Re: [PATCH v4 2/5] btrfs: initial fsverity support

David Sterba <dsterba@xxxxxxx> · Wed, 12 May 2021 19:10:37 +0200

On Tue, May 11, 2021 at 02:52:15PM -0700, Boris Burkov wrote:
> On Tue, May 11, 2021 at 10:31:43PM +0200, David Sterba wrote:
> > On Wed, May 05, 2021 at 12:20:40PM -0700, Boris Burkov wrote:
> > > From: Chris Mason <clm@xxxxxx>
> > > 
> > > Add support for fsverity in btrfs. To support the generic interface in
> > > fs/verity, we add two new item types in the fs tree for inodes with
> > > verity enabled. One stores the per-file verity descriptor and the other
> > > stores the Merkle tree data itself.
> > > 
> > > Verity checking is done at the end of IOs to ensure each page is checked
> > > before it is marked uptodate.
> > > 
> > > Verity relies on PageChecked for the Merkle tree data itself to avoid
> > > re-walking up shared paths in the tree. For this reason, we need to
> > > cache the Merkle tree data.
> > 
> > What's the estimated size of the Merkle tree data? Does the whole tree
> > need to be kept cached or is it only for data that are in page cache?
> 
> With the default of SHA256 and 4K blocks, we have 32 byte digests which
> which fits 128 digests per block, so the Merkle tree will be almost
> exactly 1/127 of the size of the file.

Thanks, so it's roughly 8K per 1M.

> As far as I know, there is no special requirement that the Merkle tree
> data stays cached. If a Merkle tree block is evicted, then a data block
> is evicted and re-read, we would need to read the Merkle tree block
> again and possibly up the path to the root until a cached block with
> PageChecked.
> 
> > > +++ b/fs/btrfs/file.c
> > > @@ -16,6 +16,7 @@
> > >  #include <linux/btrfs.h>
> > >  #include <linux/uio.h>
> > >  #include <linux/iversion.h>
> > > +#include <linux/fsverity.h>
> > >  #include "ctree.h"
> > >  #include "disk-io.h"
> > >  #include "transaction.h"
> > > @@ -3593,7 +3594,12 @@ static loff_t btrfs_file_llseek(struct file *file, loff_t offset, int whence)
> > >  
> > >  static int btrfs_file_open(struct inode *inode, struct file *filp)
> > >  {
> > > +	int ret;
> > 
> > Missing newline
> 
> Weird, I ran checkpatch so many times.. My bad.
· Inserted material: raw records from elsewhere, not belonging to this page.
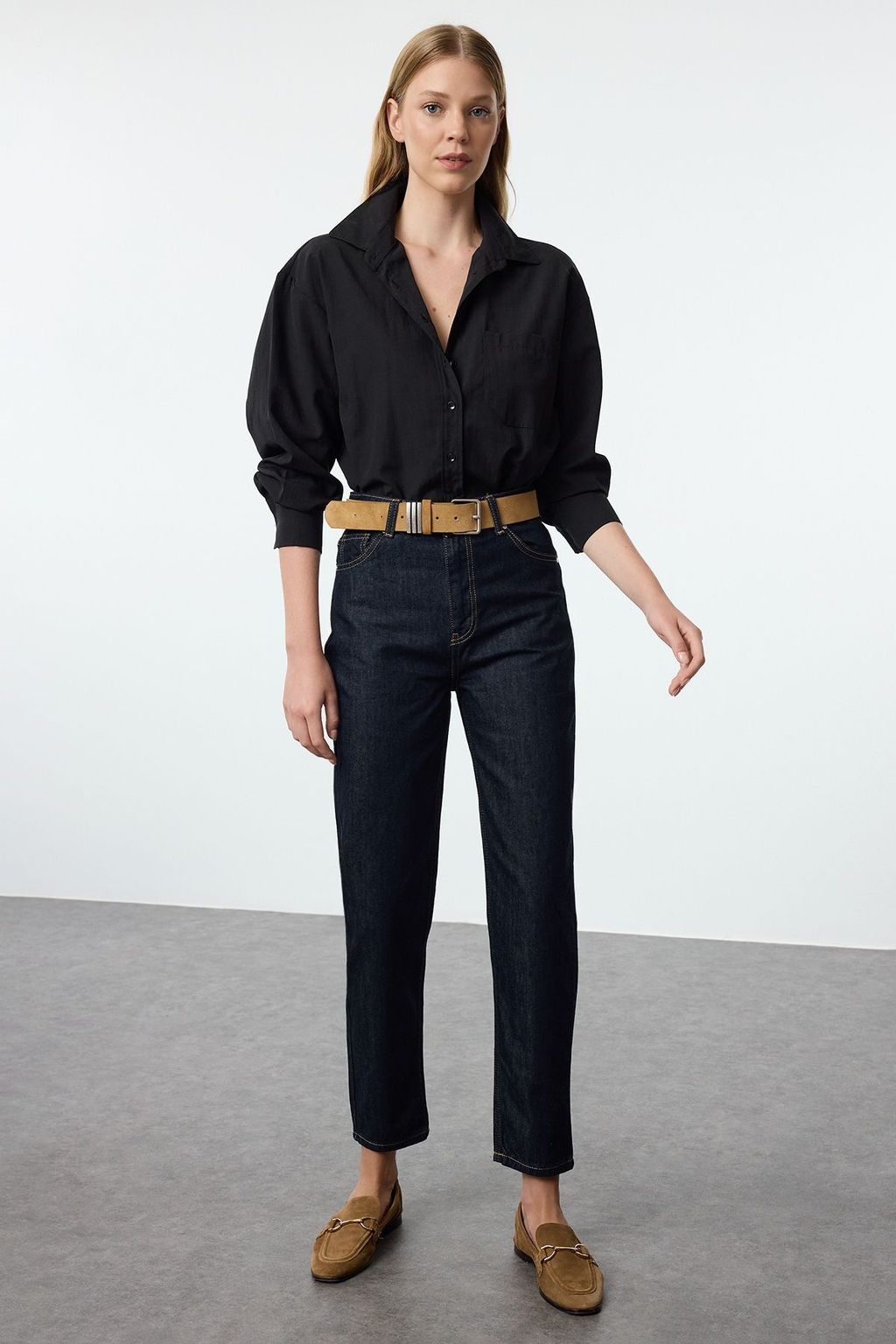 Koyu Mavi Yuksek Bel Mom Jeans TWOAW25JE00081 - Trendyolmilla фото 2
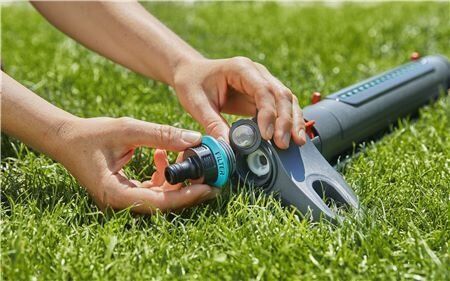 Spërkatës katror GARDENA AquaZoom S, i hirtë / portokalli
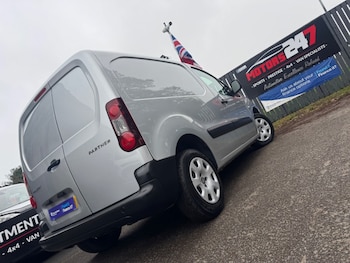 Used Peugeot Partner 2017 for sale - 76508802: Photo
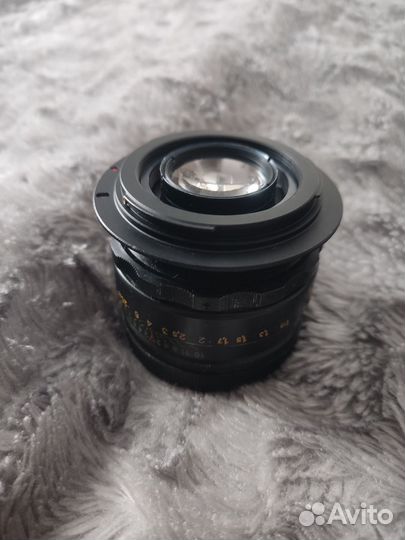 Объектив Helios-44-2
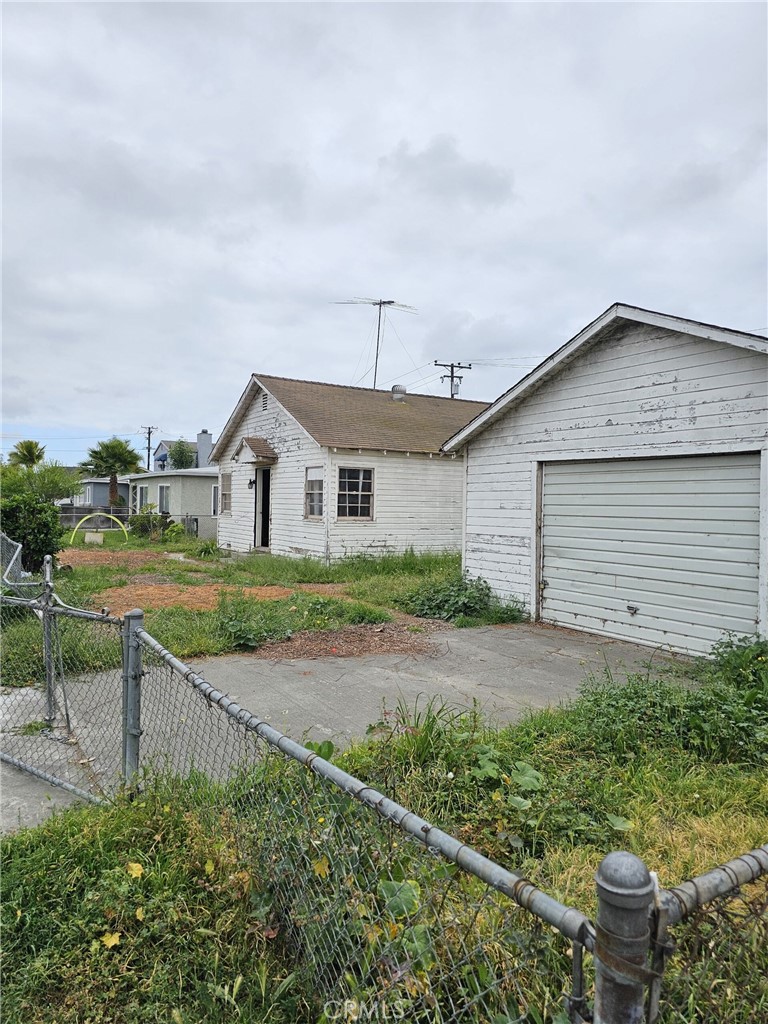 Hawaiian Gardens Real Estate Listings Main Image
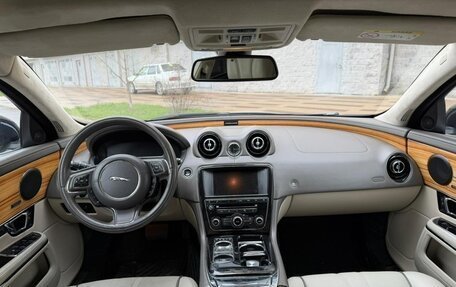 Jaguar XJ IV (X351), 2014 год, 2 500 000 рублей, 9 фотография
No big deal, such things can slip in. I would not point them out unless
there's another reason to resend the patches. Once all the real things
are done I do a pass just fixing style.

> > > +#include <linux/sched/mm.h>
> > > +#include "ctree.h"
> > > +#include "btrfs_inode.h"
> > > +#include "transaction.h"
> > > +#include "disk-io.h"
> > > +#include "locking.h"
> > > +
> > > +/*
> > > + * Just like ext4, we cache the merkle tree in pages after EOF in the page
> > > + * cache.  Unlike ext4, we're storing these in dedicated btree items and
> > > + * not just shoving them after EOF in the file.  This means we'll need to
> > > + * do extra work to encrypt them once encryption is supported in btrfs,
> > > + * but btrfs has a lot of careful code around i_size and it seems better
> > > + * to make a new key type than try and adjust all of our expectations
> > > + * for i_size.
> > 
> > Can you please rephrase that so it does not start with what other
> > filesystems do but what is the actual design and put references to ext4
> > eventually?
> > 
> > > + *
> > > + * fs verity items are stored under two different key types on disk.
> > > + *
> > > + * The descriptor items:
> > > + * [ inode objectid, BTRFS_VERITY_DESC_ITEM_KEY, offset ]
> > 
> > Please put that to the key definitions
> 
> Do you mean to move this whole comment to btrfs_tree.h?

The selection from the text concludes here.